Forensic pathologist Derrick Pounder, who recently spent several days in the Jenin refugee camp as part of an Amnesty International mission, has concluded that it is “simply not true” that most of those killed were armed fighters. “In Jenin,” he stated, “there have certainly been mass killings – both combatants and civilians.” On the basis of the currently available evidence, the closest we will ever come to a full account of what Israel worked so hard to conceal is all but certain to bear out his words.
Does the atrocity perpetrated by Israeli forces qualify as a massacre? If one equates this term with the systematic slaughter of virtually every man, woman, and child with whom the Israeli military came into contact, the answer is a clear no. Given the methods used by Israel to conquer Jenin, it also seems unlikely that most civilian victims were first clearly identified as such and subsequently deliberately killed on this basis.
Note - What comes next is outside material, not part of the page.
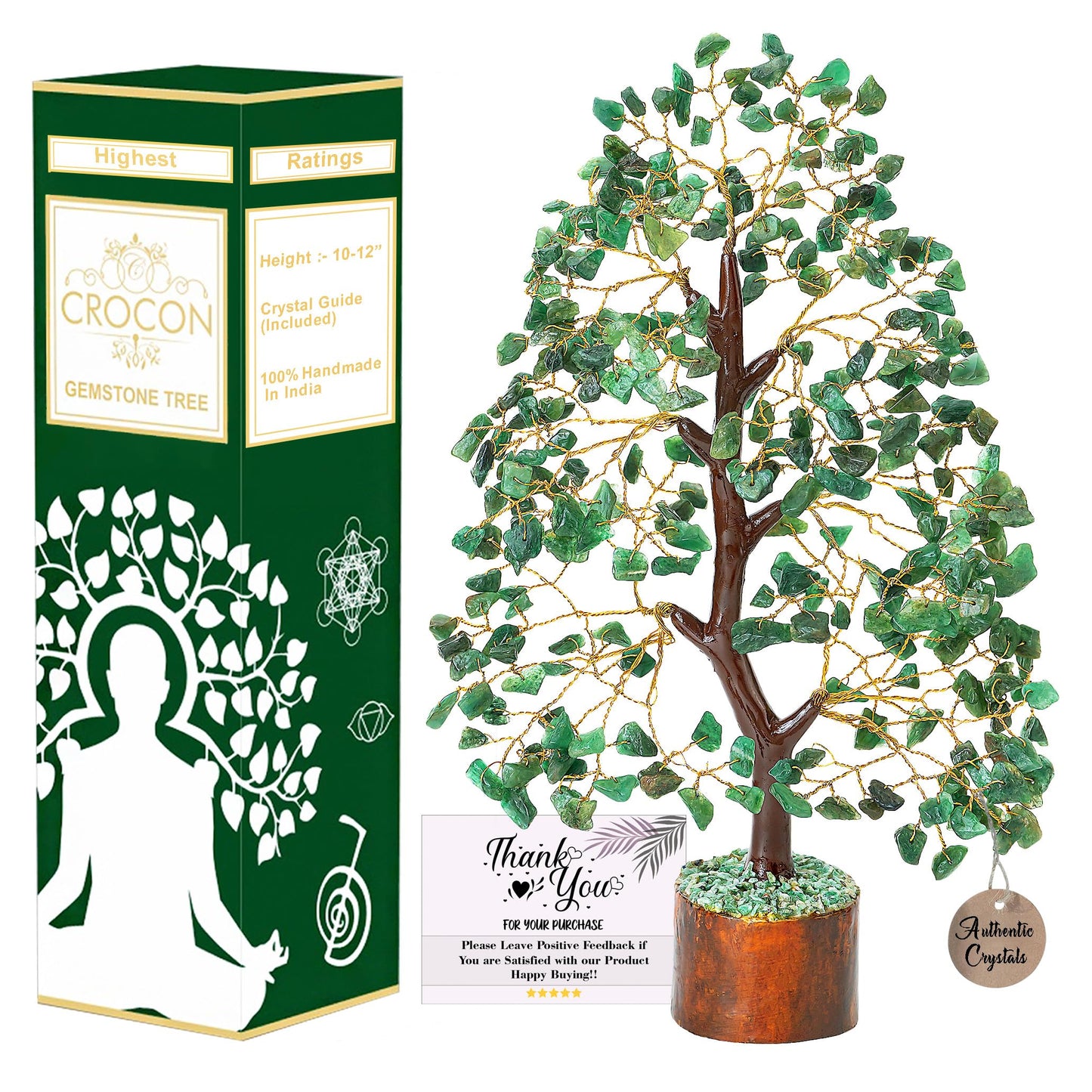 Crocon® Green Aventurine Crystal Tree, Birthday Gifts for Women & Men, Home Decor Healing Crystals Present, Spiritual Gift Room Decor, House Warming Gift Home, Self Care Mom Birthday Gift for Women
Rather, it appears to be the case that a minimum of many dozens of Palestinian civilians were killed through a combination of the deliberate and indiscriminate use of excessive and disproportionate force in a densely-populated residential area, in a number of cases for purely punitive purposes; sniper fire; summary executions; and last but certainly not least the systematic interdiction of medical and rescue services from the very outset of the invasion until many days after the final cessation of hostilities. Many would indeed characterise the grim results of the sum total of these measures as a “massacre” – particularly if persistent allegations that Israel surreptitiously removed corpses or dug mass graves are proven true. Others would suffice with terming such conduct an “atrocity”. In view of what we already know about what happened in Jenin, it is a semantic rather than substantive distinction, which will prove of little use to those responsible if they ever face a court of law.
Sharon and his government apparently concur with this interpretation; shortly after pledging “full cooperation” with the UN fact-finding committee, on 23 April – several days before it was scheduled to arrive – Israel decided to “suspend cooperation” with it, thus effectively preventing it from visiting Jenin. The official pretext is that the expertise of the committee is primarily in matters of humanitarian law rather than military affairs. Israeli officials also voiced concern that the committee might look at Israeli conduct elsewhere – particularly the old city of Nablus – rather than focus their efforts on the activities of Palestinian suicide bombers (an exercise of dubious value given that there are no disagreements with respect to the relevant facts). The more accurate reading of Israel’s position was provided by Ha’aretz on 24 April: “Israel has said the mandate for the mission, at present, is directed at war crimes accusations. Israel is now demanding that testimonies and information gathered by the probe would not be used for any other procedure and would not grant the Palestinians a basis for legal charges to be brought against Israeli military officials.”
In order to further prepare the ground for the impending arrival of the UN committee, Peres on 25 April denounced those claiming a massacre had been perpetrated in Jenin of pursuing a “blood libel”. Few seemed to remember that the exact same words were deployed by Menahem Begin and Ariel Sharon to defend Israel in the immediate aftermath of Sabra-Chatilla.